Segment Start: PROVIDED RECORDS

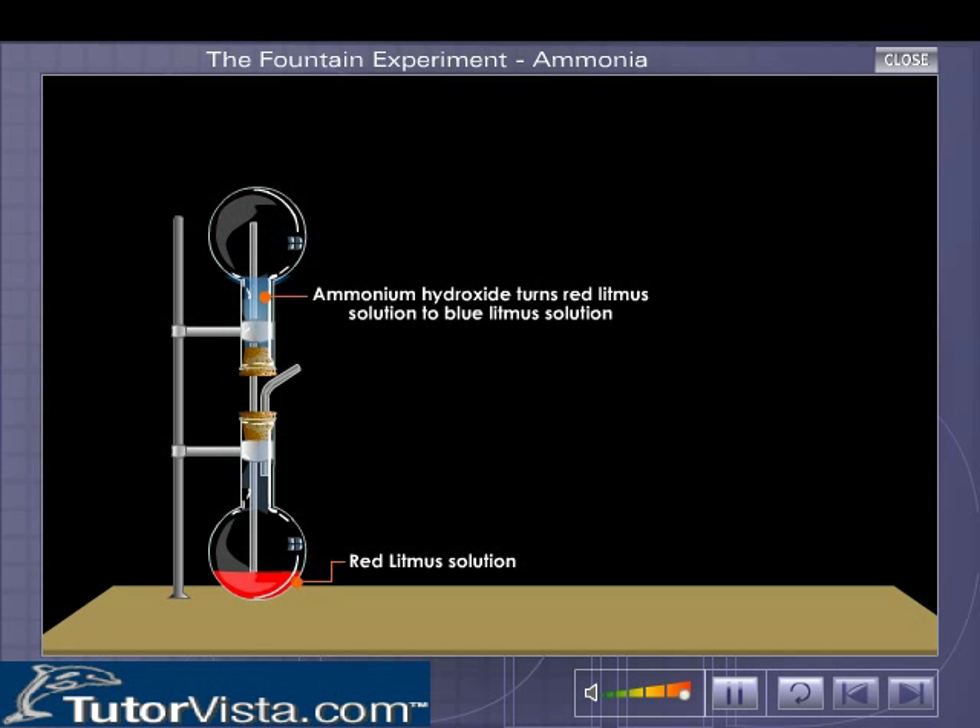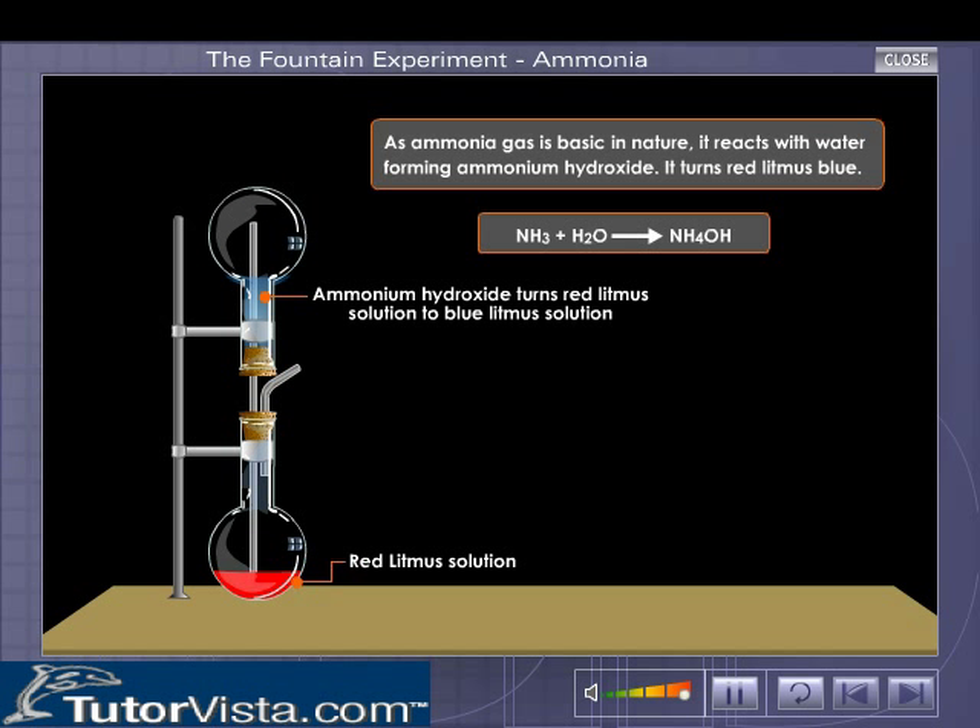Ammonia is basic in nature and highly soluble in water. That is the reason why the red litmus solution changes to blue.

Segment End: PROVIDED RECORDS
Segment Start: PROVIDED RECORDS

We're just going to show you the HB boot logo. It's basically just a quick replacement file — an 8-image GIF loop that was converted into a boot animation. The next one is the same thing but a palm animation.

Segment End: PROVIDED RECORDS
Segment Start: PROVIDED RECORDS

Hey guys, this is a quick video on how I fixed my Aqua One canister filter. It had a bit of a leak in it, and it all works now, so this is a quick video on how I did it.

Segment End: PROVIDED RECORDS

▶ _TASK BRIEF_
Check each line of the records for the word "quick" and extract those that contain it.

▶ _RESULT FOR THIS EXERCISE_
We're just going to show you the HB boot logo. It's basically just a quick replacement file — an 8-image GIF loop that was converted into a boot animation. The next one is the same thing but a palm animation.
Hey guys, this is a quick video on how I fixed my Aqua One canister filter. It had a bit of a leak in it, and it all works now, so this is a quick video on how I did it.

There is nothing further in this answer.